■ **DATA SUPPLIED**:
****************************************

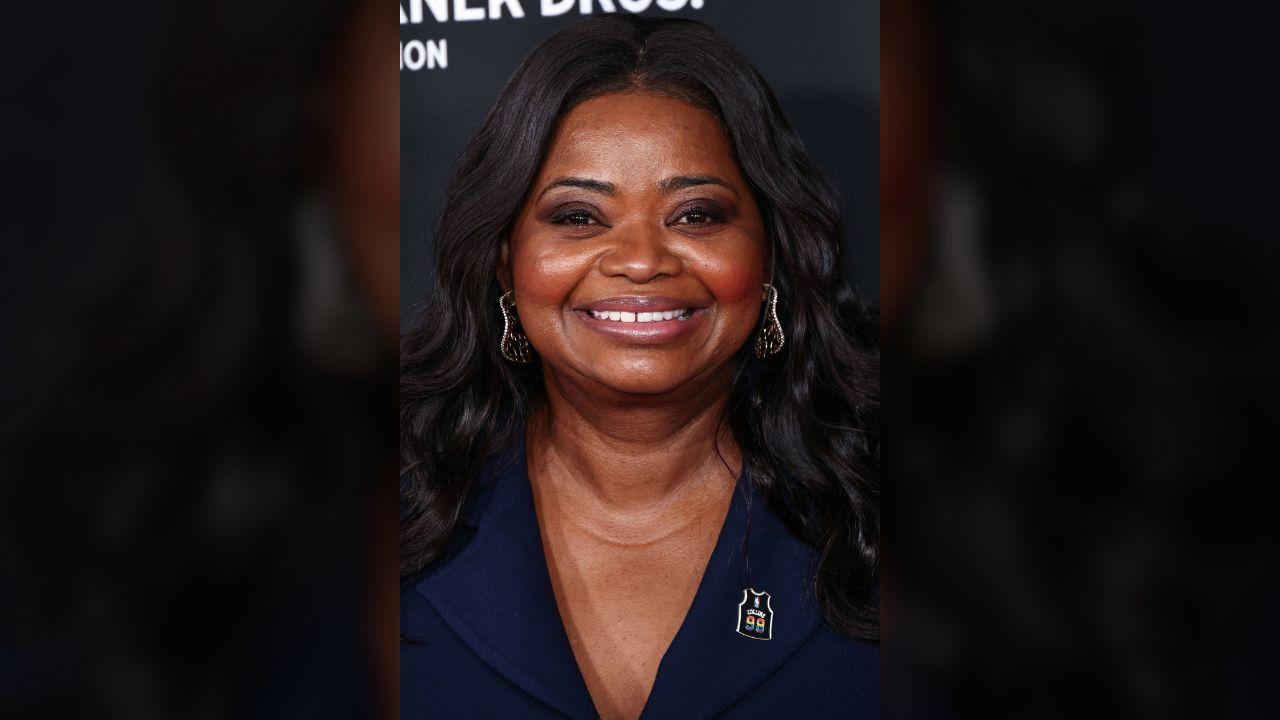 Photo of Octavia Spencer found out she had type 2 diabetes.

****************************************

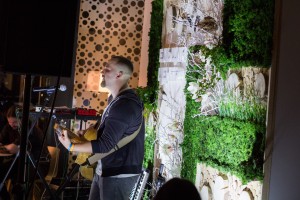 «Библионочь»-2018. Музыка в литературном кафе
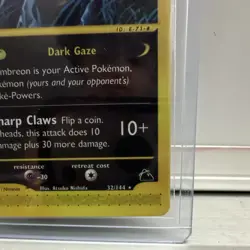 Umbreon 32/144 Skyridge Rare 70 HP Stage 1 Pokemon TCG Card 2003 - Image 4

****************************************

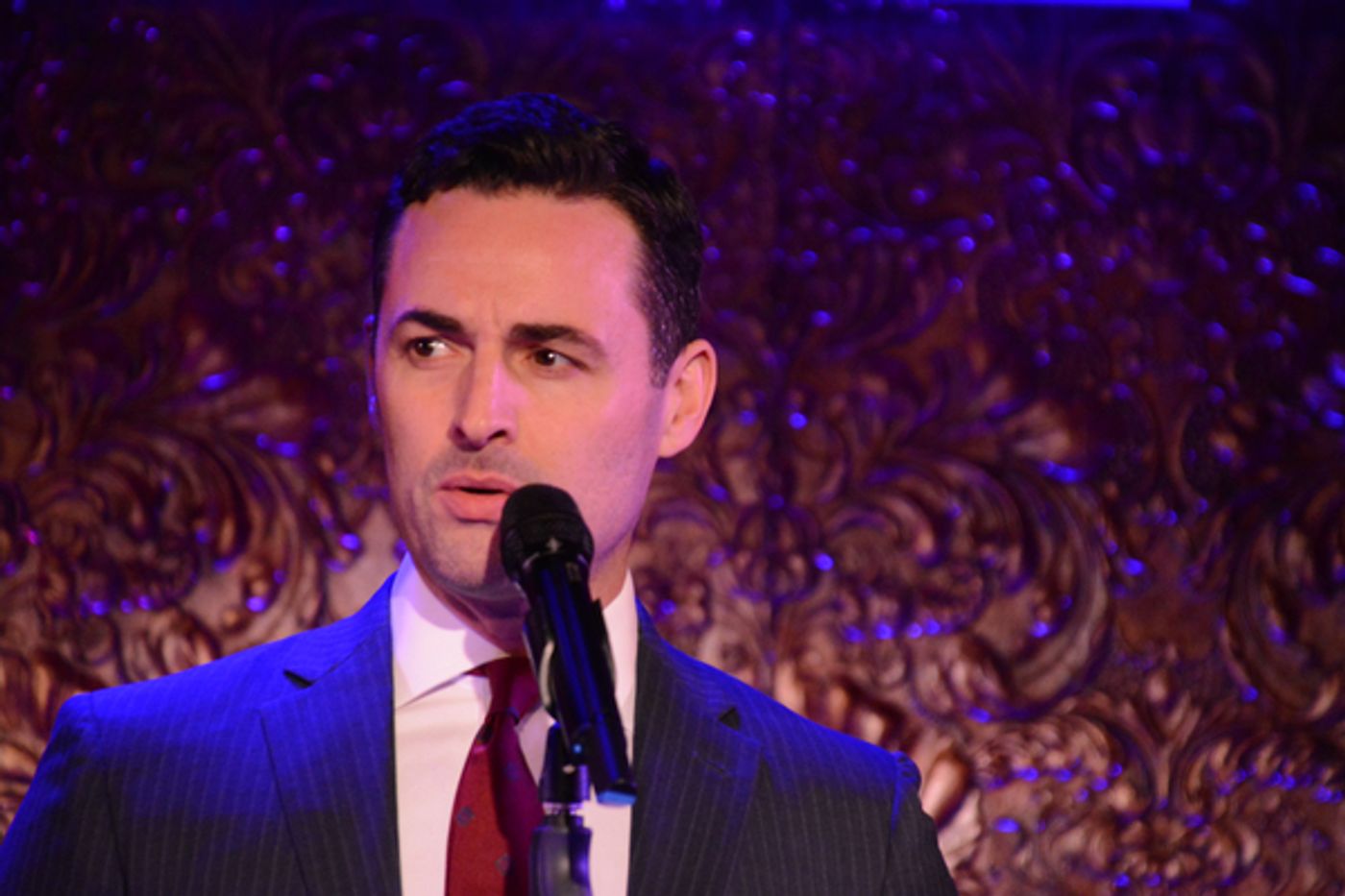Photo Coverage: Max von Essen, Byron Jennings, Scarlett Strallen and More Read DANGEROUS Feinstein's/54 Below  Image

****************************************

■ **YOUR INSTRUCTIONS**: Starting at the line with "в литературном кафе" in the entries above, write out every line exactly until the line with "Umbreon 32/144 Skyridge" has been written. Include no pictures and nothing more.

■ **OUTPUT FOR THIS EXERCISE**:
 «Библионочь»-2018. Музыка в литературном кафе
 Umbreon 32/144 Skyridge Rare 70 HP Stage 1 Pokemon TCG Card 2003 - Image 4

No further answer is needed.